In the week leading up to Saturday’s performance at the New Mexico School for the Arts, the groups are coming together in Santa Fe to see how they combine what they have developed so far.

While that might sound difficult, Kupers said he doesn’t find it so.

“That’s how I work anyway,” he said. “I work on lots of bits of material that feel important for some reason, but I don’t always know how they fit together.” Through exploration and experimentation, though, his ensemble members may help reveal “what links, what stories I didn’t even realize were there.”

The process is “so fun for us,” Flax said. “Eric and I started working together 12 years ago.”

The three groups’ common link comes through choreographer Della Davidson, with whom they all worked or collaborated at some point in her efforts to merge dance and theater, he said.

A faculty member at the University of California-Davis, she died in 2012.

They stayed in touch and are coming back together with the help of two consecutive grants from the Network of Ensemble Theaters to produce “Blessed Unrest.”

“It’s a great exploration. There are 13 performers onstage,” Flax said, including Grottesco members Apollo Garcia, Danielle Reddick and Tara Khozein, all of whom also worked with Kupers in “The Moment of YES!” which had several performances earlier this year.

The subtitle of the new production is “a Showcase of Works-in-Progress,” so don’t expect a polished, finished work.

Eric Kupers performs with his Bandelion dance ensemble, based in Oakland. (Courtesy of Hans Holtan)

Eric Kupers performs with his Bandelion dance ensemble, based in Oakland. (Courtesy of Hans Holtan)

As a matter of fact, Flax said, the whole point is the journey. Audience members will be asked for feedback afterwards, Kupers added.

The title of the piece comes from a quote from modern dance pioneer Martha Graham: “No artist is ever pleased. There is no satisfaction whatever at any time. There is only a queer divine dissatisfaction; a blessed unrest that keeps us marching and makes us more alive than the others.”

The title is apt for the groups’ joint exploration.

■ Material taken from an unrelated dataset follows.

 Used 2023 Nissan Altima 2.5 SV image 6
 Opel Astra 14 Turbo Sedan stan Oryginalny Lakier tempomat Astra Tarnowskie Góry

“She was saying that about dancers,” Kupers said, “but it’s all people. We don’t have any certainty in our lives … . We don’t have the answers.”


A recent encounter with a friend who was passing through town and asked John Flax if they could get together is turning into a treat for the whole community.

Flax said he knew Ronlin Foreman from their time with the Lecoq conservatory in Paris during the 1980s.

When Foreman, who gained renown as a clown, said he was coming through Santa Fe while touring with “Pigeon Show: A Play of Fools,” Flax said colleague Kent Kirkpatrick suggested, “Why not present him while he’s here?”

“We don’t have the budget to do it, but we’re doing it anyway,” Flax said of the single performance that will be staged 7:30 p.m. Tuesday in the intimate space of Teatro Paraguas, 3205 Calle Marie.

When Foreman was hired 13 years ago at Dell’Arte International School of Physical Theatre in California, for which he was director from 2011-15, he stopped performing, Flax said. But now he’s returned to the stage with what he’s calling his walkabout.

“He’s an amazing performer,” Flax said. “Recently, he decided to do an exploration of the relevance of theater … . He’s going around the world and exploring the question deeply: Is there a reason to do this anymore?

“It’s deeply personal. It’s hysterical. It will make you weep … . Come to be moved, because you will be moved.”